About this task >> Those lines of the data that hold the word "Drawstring" are to be copied out.

Dataset entries >>
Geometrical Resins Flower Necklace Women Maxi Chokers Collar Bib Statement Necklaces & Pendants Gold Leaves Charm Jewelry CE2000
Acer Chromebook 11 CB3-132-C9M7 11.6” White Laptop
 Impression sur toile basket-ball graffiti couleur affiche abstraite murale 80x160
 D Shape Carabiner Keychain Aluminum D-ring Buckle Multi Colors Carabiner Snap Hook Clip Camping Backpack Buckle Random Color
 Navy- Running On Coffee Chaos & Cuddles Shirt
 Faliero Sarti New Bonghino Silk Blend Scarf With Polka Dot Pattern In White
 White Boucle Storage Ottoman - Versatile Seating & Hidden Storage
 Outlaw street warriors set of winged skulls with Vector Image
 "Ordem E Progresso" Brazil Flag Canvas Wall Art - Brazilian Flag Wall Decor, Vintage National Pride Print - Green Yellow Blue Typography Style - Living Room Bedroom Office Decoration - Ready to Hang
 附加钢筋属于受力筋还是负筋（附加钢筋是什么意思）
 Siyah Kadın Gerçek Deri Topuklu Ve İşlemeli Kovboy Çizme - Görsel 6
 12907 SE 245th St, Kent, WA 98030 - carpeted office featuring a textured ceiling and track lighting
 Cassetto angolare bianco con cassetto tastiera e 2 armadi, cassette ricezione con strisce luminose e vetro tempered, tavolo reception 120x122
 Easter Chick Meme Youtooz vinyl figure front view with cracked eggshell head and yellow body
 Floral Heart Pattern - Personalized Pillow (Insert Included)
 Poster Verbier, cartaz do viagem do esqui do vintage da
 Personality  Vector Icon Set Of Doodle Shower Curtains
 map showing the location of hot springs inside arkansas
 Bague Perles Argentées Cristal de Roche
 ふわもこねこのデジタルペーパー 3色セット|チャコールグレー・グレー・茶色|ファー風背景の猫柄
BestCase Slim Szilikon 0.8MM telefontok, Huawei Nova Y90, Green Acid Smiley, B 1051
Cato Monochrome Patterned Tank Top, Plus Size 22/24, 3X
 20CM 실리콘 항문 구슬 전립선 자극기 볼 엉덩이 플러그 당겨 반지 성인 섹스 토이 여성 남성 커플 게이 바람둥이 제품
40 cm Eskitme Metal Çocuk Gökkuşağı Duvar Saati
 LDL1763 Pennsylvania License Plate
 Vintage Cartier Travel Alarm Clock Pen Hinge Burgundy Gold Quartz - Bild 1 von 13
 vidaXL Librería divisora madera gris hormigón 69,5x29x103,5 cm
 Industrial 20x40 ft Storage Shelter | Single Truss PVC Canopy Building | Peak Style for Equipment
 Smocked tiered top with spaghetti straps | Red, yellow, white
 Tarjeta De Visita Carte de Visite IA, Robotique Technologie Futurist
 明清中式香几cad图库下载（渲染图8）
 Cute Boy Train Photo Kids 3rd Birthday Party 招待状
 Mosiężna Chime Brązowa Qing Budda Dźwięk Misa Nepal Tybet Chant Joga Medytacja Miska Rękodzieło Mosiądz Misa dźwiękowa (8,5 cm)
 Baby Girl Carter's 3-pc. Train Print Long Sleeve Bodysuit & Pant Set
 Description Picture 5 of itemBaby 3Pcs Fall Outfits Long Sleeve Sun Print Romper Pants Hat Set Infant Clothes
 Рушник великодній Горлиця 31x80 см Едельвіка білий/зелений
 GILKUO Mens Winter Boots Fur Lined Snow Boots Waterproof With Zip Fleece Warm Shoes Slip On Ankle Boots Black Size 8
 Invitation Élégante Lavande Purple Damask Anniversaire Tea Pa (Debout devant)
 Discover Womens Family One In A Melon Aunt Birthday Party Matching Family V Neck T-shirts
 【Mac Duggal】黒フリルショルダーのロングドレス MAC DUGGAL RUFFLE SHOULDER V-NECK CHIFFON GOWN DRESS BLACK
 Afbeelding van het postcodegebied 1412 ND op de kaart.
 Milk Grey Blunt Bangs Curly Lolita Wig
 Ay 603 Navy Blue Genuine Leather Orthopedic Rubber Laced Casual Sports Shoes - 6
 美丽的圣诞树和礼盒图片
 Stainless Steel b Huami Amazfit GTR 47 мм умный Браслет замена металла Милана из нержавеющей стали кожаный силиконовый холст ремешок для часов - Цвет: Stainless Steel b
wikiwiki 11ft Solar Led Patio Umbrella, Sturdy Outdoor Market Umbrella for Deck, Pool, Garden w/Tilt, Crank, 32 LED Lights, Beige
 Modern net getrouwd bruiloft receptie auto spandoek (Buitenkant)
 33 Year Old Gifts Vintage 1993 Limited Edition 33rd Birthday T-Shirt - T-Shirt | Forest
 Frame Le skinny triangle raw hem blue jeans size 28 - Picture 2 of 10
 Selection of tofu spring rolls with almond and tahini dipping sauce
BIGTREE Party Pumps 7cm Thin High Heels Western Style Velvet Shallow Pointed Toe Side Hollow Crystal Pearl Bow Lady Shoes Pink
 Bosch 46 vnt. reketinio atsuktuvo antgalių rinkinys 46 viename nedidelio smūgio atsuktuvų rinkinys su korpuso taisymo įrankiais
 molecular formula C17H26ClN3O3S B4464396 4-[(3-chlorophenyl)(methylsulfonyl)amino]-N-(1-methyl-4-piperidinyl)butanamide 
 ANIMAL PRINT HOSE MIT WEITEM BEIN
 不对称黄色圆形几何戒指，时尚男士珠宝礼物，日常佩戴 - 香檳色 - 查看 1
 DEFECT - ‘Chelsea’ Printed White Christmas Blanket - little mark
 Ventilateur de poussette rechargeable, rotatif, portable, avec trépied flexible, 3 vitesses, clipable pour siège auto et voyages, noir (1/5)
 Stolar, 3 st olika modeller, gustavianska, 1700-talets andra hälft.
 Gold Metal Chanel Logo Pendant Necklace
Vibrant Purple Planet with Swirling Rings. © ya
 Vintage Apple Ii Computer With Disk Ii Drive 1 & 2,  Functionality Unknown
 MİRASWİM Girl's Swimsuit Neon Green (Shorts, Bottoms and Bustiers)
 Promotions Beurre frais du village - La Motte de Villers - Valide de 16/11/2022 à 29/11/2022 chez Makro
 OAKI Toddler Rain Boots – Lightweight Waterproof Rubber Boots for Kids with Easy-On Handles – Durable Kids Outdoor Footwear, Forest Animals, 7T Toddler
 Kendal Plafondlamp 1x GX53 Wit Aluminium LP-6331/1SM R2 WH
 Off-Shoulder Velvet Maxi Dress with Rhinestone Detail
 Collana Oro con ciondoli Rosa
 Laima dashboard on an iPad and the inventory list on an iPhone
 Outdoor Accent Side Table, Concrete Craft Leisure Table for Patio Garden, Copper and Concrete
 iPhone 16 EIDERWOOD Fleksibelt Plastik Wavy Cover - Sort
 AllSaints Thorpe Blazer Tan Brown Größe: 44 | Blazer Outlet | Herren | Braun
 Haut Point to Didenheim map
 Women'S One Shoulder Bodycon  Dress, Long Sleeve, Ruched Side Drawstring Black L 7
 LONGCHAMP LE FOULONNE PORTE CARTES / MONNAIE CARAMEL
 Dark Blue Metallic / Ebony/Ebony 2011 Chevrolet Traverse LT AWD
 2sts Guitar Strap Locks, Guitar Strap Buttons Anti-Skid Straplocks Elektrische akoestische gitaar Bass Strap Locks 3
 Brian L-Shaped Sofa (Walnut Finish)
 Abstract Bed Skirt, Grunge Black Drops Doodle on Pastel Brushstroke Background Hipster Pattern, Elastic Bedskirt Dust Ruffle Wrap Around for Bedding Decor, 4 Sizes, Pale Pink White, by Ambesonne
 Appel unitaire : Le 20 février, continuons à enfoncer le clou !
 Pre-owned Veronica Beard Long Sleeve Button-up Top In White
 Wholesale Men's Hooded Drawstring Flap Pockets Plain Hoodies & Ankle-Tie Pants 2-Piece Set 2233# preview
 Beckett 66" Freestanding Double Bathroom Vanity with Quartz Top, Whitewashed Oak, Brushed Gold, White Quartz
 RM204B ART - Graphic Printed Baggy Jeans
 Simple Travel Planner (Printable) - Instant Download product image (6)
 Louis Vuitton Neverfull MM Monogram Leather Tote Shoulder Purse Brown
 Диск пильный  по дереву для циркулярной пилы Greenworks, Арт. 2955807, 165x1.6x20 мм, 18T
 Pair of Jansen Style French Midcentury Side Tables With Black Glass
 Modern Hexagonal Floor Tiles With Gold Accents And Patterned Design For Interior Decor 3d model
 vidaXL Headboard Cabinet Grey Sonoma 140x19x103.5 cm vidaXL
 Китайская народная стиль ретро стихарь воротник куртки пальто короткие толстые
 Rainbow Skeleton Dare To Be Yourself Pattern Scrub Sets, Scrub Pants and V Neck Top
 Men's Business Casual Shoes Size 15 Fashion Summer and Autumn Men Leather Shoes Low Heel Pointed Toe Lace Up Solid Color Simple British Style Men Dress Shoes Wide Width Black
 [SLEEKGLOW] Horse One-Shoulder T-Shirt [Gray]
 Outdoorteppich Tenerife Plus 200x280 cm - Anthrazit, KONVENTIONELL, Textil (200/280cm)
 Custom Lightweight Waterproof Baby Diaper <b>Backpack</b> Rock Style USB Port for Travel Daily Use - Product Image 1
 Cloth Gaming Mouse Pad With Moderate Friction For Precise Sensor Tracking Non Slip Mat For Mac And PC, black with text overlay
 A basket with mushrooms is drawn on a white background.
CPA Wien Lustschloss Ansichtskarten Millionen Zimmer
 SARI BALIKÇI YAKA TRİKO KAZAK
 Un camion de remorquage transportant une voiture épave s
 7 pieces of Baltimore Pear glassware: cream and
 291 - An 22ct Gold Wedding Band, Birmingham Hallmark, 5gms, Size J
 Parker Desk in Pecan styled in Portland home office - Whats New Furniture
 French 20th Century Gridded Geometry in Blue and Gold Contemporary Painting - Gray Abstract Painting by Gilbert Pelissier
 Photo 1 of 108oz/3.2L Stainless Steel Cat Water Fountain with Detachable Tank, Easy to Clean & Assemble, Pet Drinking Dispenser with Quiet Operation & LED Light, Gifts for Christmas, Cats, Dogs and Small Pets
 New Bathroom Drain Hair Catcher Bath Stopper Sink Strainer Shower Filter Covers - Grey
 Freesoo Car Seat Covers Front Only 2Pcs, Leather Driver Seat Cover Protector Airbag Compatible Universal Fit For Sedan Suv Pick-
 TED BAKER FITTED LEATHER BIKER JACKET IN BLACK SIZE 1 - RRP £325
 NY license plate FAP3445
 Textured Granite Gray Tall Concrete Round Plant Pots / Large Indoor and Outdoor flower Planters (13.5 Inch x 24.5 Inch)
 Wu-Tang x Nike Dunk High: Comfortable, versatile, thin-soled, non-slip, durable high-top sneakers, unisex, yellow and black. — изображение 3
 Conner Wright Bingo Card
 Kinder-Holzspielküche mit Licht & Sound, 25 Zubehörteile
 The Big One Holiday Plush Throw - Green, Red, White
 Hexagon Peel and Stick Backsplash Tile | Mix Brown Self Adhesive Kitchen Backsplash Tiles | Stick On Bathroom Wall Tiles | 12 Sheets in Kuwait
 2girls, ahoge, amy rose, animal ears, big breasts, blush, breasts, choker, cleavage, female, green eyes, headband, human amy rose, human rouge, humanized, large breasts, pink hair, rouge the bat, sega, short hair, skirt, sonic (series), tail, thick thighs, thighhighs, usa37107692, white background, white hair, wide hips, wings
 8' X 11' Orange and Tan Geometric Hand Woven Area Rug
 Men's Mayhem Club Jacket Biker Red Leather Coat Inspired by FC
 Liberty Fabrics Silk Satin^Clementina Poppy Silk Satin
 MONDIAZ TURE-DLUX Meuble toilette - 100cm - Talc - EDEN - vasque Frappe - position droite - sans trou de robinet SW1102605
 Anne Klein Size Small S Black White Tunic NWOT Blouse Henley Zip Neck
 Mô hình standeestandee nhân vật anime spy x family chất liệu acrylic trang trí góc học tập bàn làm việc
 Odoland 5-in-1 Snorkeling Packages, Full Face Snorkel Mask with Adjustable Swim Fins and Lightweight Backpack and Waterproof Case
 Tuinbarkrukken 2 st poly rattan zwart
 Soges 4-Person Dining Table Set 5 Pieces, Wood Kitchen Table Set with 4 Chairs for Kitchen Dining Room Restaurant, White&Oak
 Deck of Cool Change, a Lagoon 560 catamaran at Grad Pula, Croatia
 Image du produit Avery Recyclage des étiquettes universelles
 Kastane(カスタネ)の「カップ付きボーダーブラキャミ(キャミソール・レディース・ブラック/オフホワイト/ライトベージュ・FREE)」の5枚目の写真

Task response >>
 Women'S One Shoulder Bodycon  Dress, Long Sleeve, Ruched Side Drawstring Black L 7
 Wholesale Men's Hooded Drawstring Flap Pockets Plain Hoodies & Ankle-Tie Pants 2-Piece Set 2233# preview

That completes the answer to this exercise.